The Devil’s Bridge
Frank and I spend several days in Civita. It is a fab location for hikes, so one day we explore the path to the Ponte del Diavolo. On our way through the village, we chat with a family of bakers who invite us to sample some of their freshly baked goods. The business has been in family hands for generations but the young daughter is not so sure she will continue. What are her interests then? Oh, I don’t know… I like going to the gym… Well who knows, maybe one day, all the ovens, including the wood-fired one out the back of the building, will be shut down and instead there will be spinning bikes, treadmills and rowing machines. She wants to see the big wide world to and for this she wants to practise her English on us. Then again, out there, in the big wide world, she might fall in love with a baker who would love to go and live in a little village up a hill in the middle of nowhere, like my friends Robert and Herlene, she Brazilian and he English, who continuously travelled between Brazil and the UK because each wanted to live in the other one’s country.
This village still upholds the traditions they brought with them when they fled to Italy 500 years ago, however, the last couple of generations have begun to intermarry with Italians and so the feel of the town changes. Not everybody speaks the old Arberesh language anymore and the young people orient themselves along the dreams and values of the bigger world around them.
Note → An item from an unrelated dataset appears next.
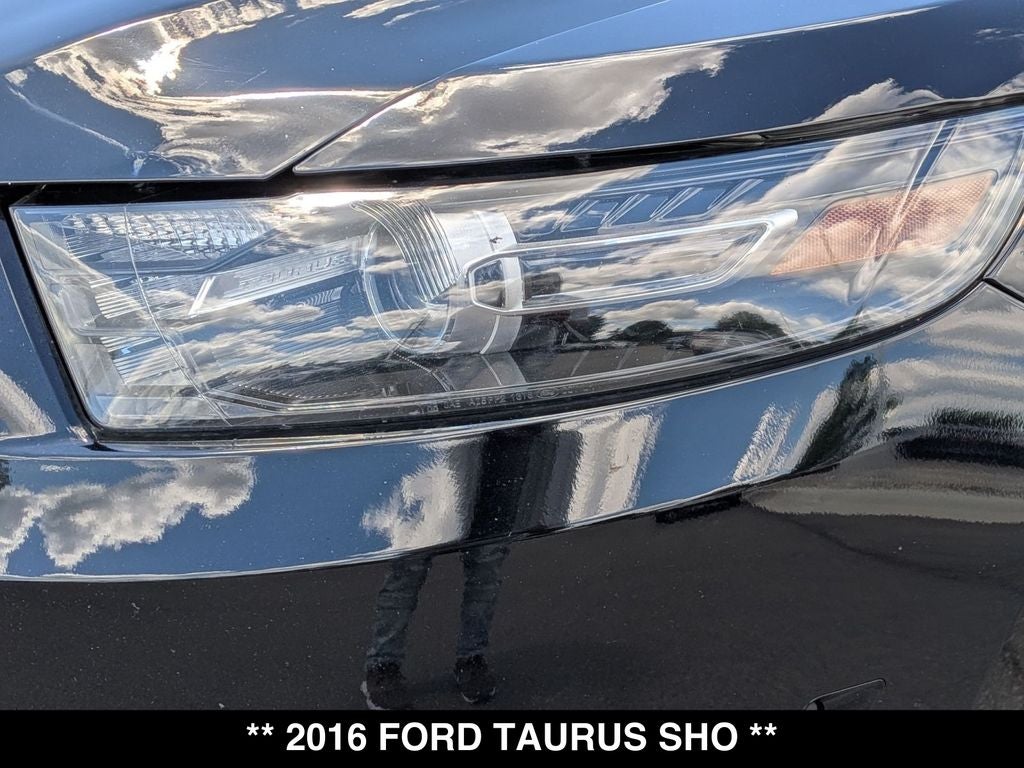 2016 Ford Taurus SHO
It is a steep walk down to the gorge from the village, and it is well worth the effort. A beautiful, recently restored bridge leads across a very deep gorge, apparently among the longest canyons in Europe. In Summer, one can go on organised trips up the gorge, kitted out with helmets, rope, wet suits etc. Right now, it’s impossible to go upriver. The water has that grey colour that talks of snow-capped mountains and it makes quite an awesome sound as it gushes through the rocks. Nevertheless, as it’s a hot day, Frank and I walk downriver to where it calms down to a manageable speed and brave the icy waters. Afterwards we drape ourselves over hot slabs of stone to defrost.
Although we are pretty well hidden from the path, I feel like someone’s watching us. I scan the hills and the horizon but can’t see anyone, only once a furtive movement in the trees near the bridge. Ah well, whatever.
We complete our walk by following the river downstream, surrounding the foot of the mountain on which the town is perched, then climbing back up through a series of secret gardens and olive groves. We hit the road just 200 mtr below where Emma is – a perfect round walk! Emma is surrounded by sheep when we get back home, and as we chat to the friendly shepherd, he lets slip that he saw us down by the river. I knew I’d felt a pair of eyes on us!